The US president hopes labour union members will turn out in force for his party in November polls
US President Joe Biden. — AP
US President Joe Biden excoriated “MAGA Republicans, the extreme right and Trumpies” on Monday, pitching his Labour Day appeals to union members he hopes will turn out in force for his party in November.
“The middle class built America,” Biden told a workers’ gathering at park grounds in Milwaukee. “Everybody knows that. But unions built the middle class.”
Later on Monday, he was flying to Pittsburgh for the city’s parade — returning to Pennsylvania for the third time in less than a week and just two days after his predecessor, Donald Trump, staged his own rally in the state.
The unofficial start of fall, Labour Day also traditionally starts a political busy season where campaigns scramble to excite voters for Election Day on November 8. That’s when control of the House and Senate, as well some of the country’s top governorships, will be decided.
Trump spoke on Saturday night in Wilkes-Barre, near Scranton, where Biden was born. The president made his own Wilkes-Barre trip last week to discuss increasing funding for police, decry GOP criticism of the FBI after the raid on Trump’s Florida estate and to argue that new, bipartisan gun measures can help reduce violent crime.
Two days after that, Biden went to Independence Hall in Philadelphia for a prime-time address denouncing the “extremism” of Trump’s fiercest supporters.
Trump has endorsed candidates in key races around the country and Biden is warning that some Republicans now believe so strongly in Trumpism that they are willing to undermine core American values to promote it. The president said on Thursday that “blind loyalty to a single leader, and a willingness to engage in political violence, is fatal to democracy”.
Trump responded during his Saturday rally that Biden is “an enemy of the state”.
On Monday, Biden said “I’m not talking about all Republicans” but singled out those who have taken Trump’s “Make America Great Again” campaign cry to dangerous or hateful lengths. He highlighted episodes like last year’s mob attack on the US Capitol.
Biden told the Milwaukee rally that many in the GOP have “chosen to go backwards, full of anger, violence, hate, division”.
“But together we can, and we must, choose a different path forward,” Biden said. “A future of unity and hope. we’re going to choose to build a better America.”

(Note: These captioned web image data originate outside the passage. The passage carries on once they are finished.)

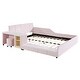 preview thumbnail 59 of 95, Velvet Grounded Bed Mother & Child Bed Platform Slat Bed Frame with Little Round Stool and Bedside Desk for Growing Child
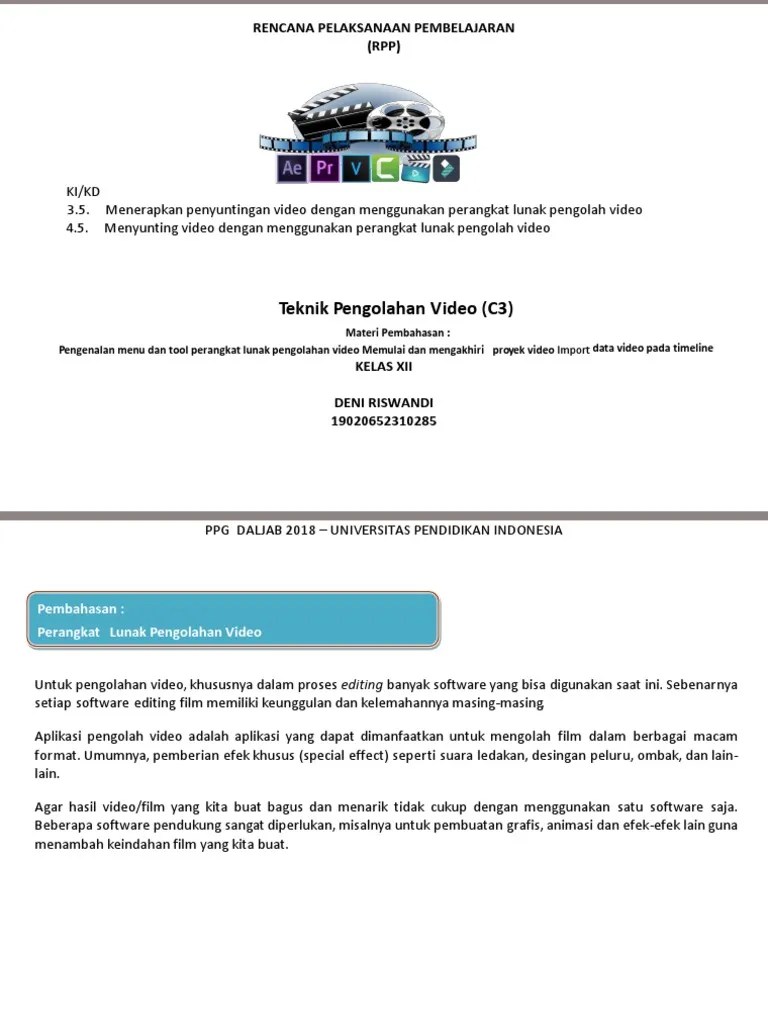 02 Pengolahan Pelbagai Format Video Dengan Bantuan Perangkat Lunak  Pengolahan Video | PDF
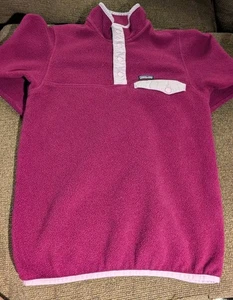Patagonia Synchilla Fleece Snap T Pullover Jacket Mauve Pink Girls Size L 12 - Picture 1 of 15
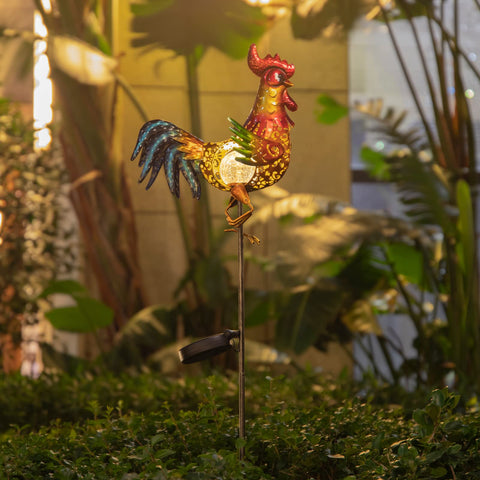 Tryme rooster illuminated garden ornament enhances outdoor mood after dark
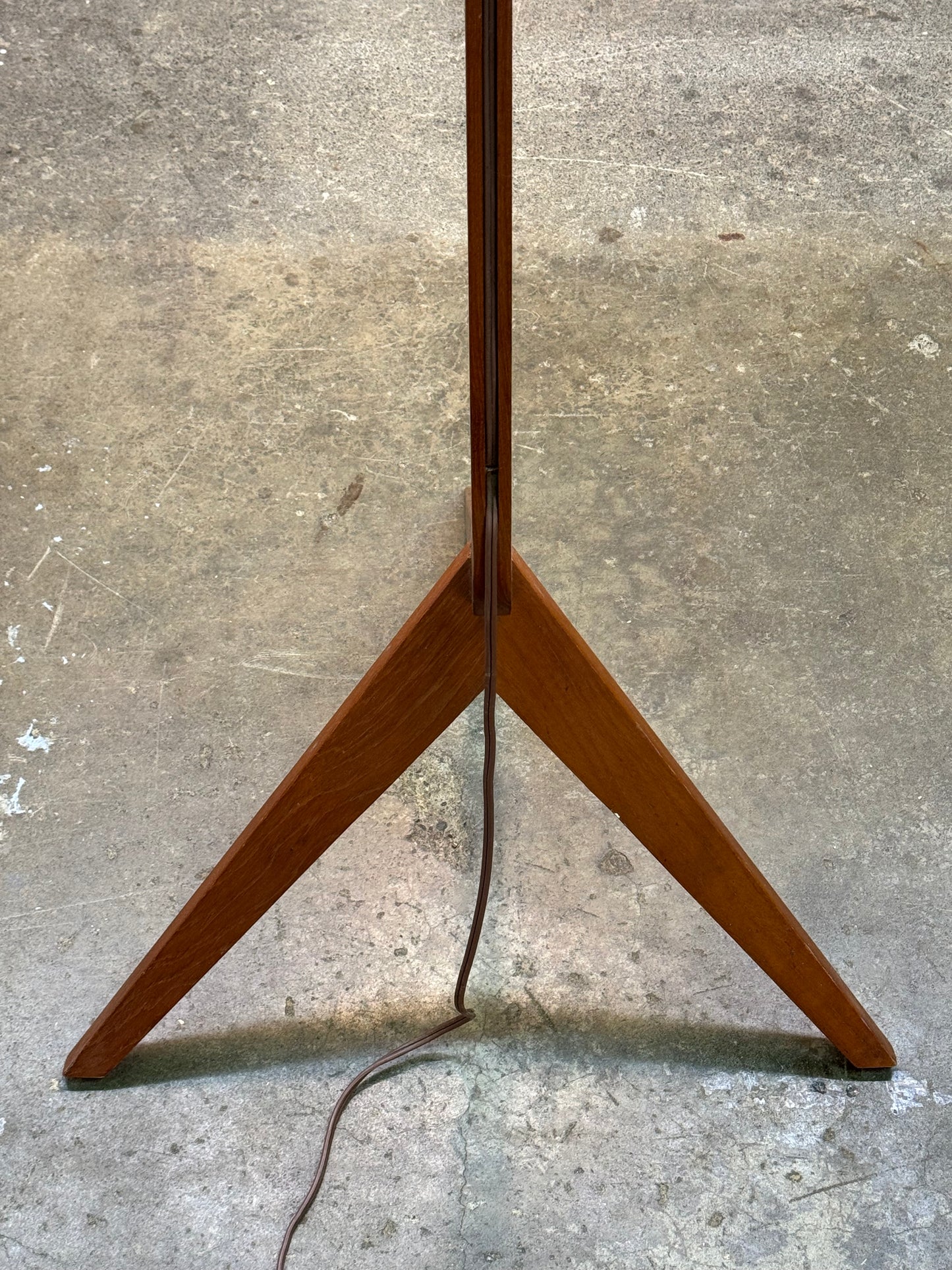 1960s Boomerang Floor Lamp in teak and fabric shade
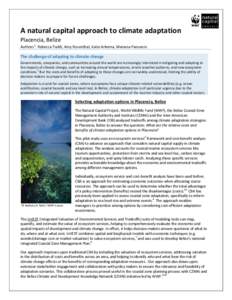A natural capital approach to climate adaptation Placencia, Belize Authors1: Rebecca Traldi, Amy Rosenthal, Katie Arkema, Mariana Panuncio The challenge of adapting to climate change Governments, companies, and communiti
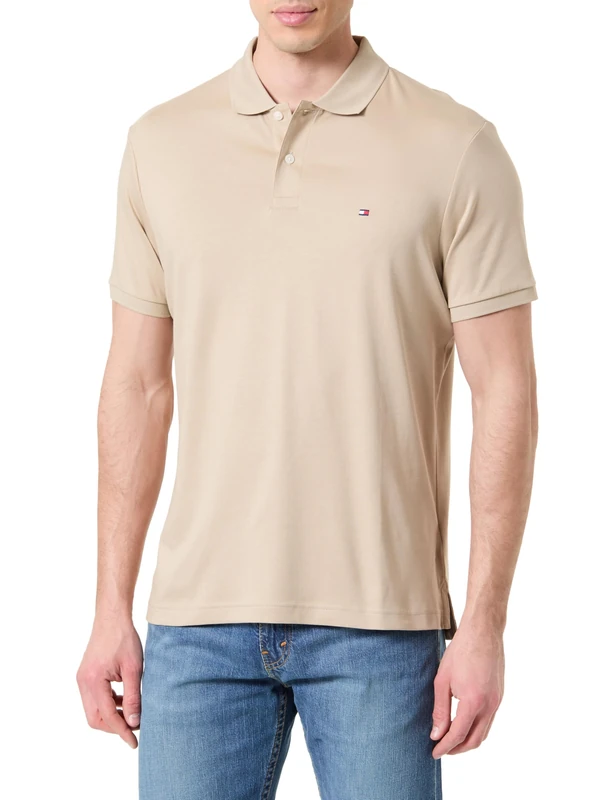Tommy Hilfiger Men Liquid Cotton REG Seasonal Polo MW0MW39994 S/S Polo, Khaki, M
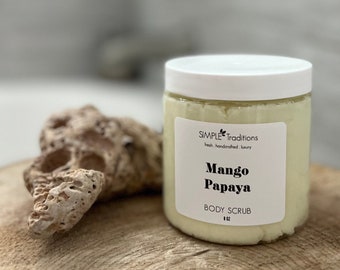 Mango Papaya Sugar Scrub: Fruktig exfolierande kroppsskrubb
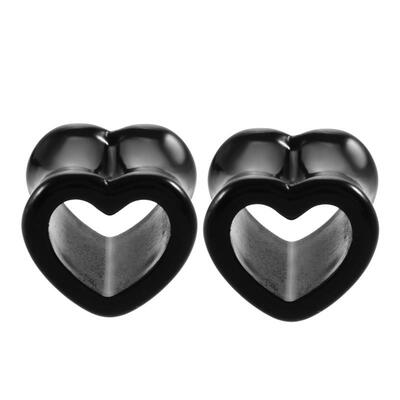 2Pcs/lot Acrylic Tunnels for Ears Heart Hollow Ear Plugs Tun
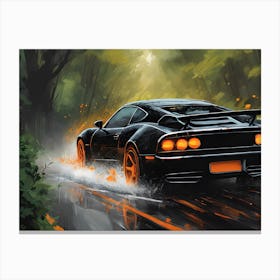 Car In The Rain Canvas Print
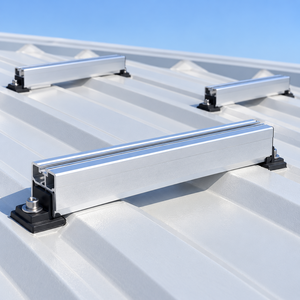 Custom Anodized Aluminum <b>Mini</b> Rail Mounting Bracket for Trapezoidal Metal Roof Commercial PV Projects - Product Image 1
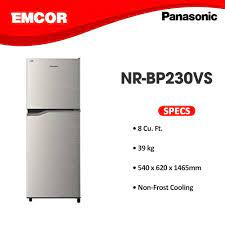 Of space and 22″ wide, this top mount refrigerator offers ample room to store and organize your groceries. Panasonic 8 Cu Ft No Frost Inverter Refrigerator Nr Bp230vs Shopee Philippines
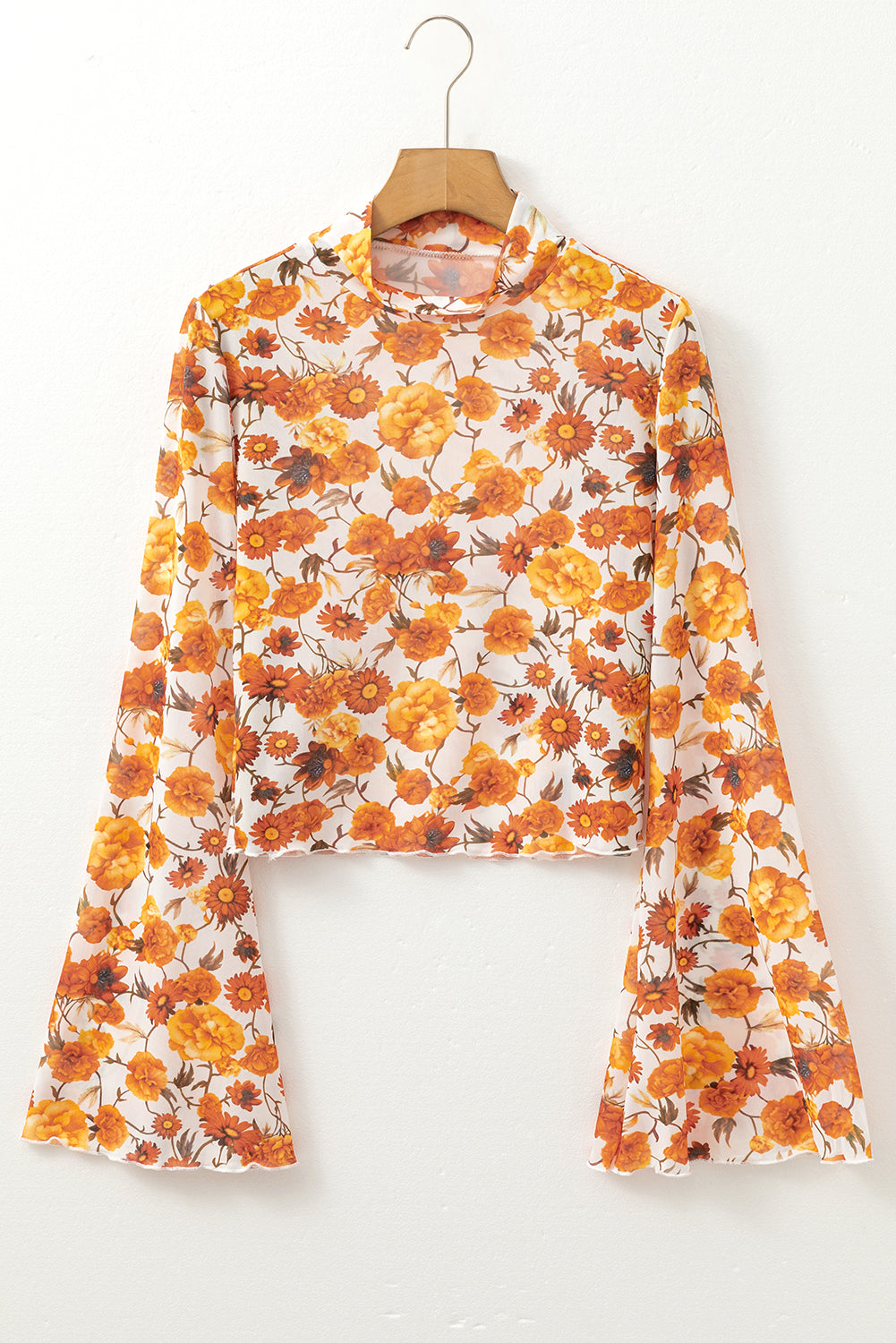 Orange Bell Sleeve Top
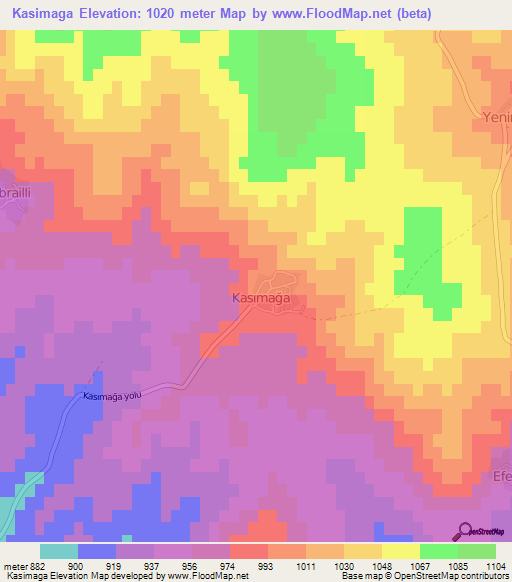 Kasimaga,Turkey Elevation Map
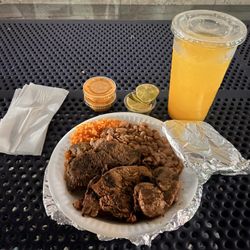 Tacos Los Primitos - Carne Asada plate with rice and beans! Pina Drink.
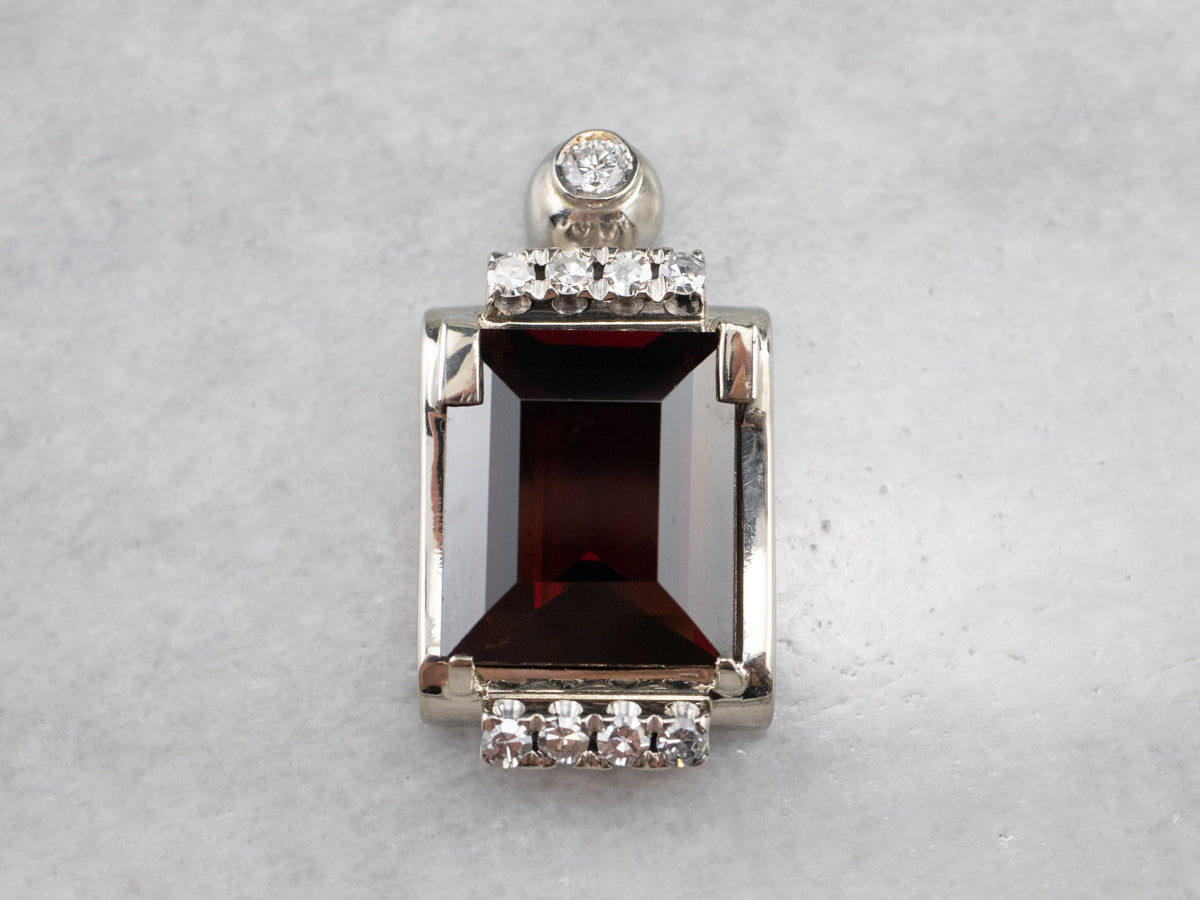 White Gold Pyrope Garnet and Diamond Pendant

The crowd jeered as Biden chided Republican Sen. Ron Johnson of Wisconsin for voting against a Democratic-backed measure meant to lower prescription drug prices.
The president also returned to another theme that was a centrepiece of his 2020 campaign, that labour unions boosted the middle class.
Unions endorsements helped Biden overcome disastrous early finishes in Iowa and New Hampshire to win the Democratic primary, and eventually the White House. He has since continued to praise labour unions — even though many voters without college degrees remain among Trump’s strongest bloc of supporters.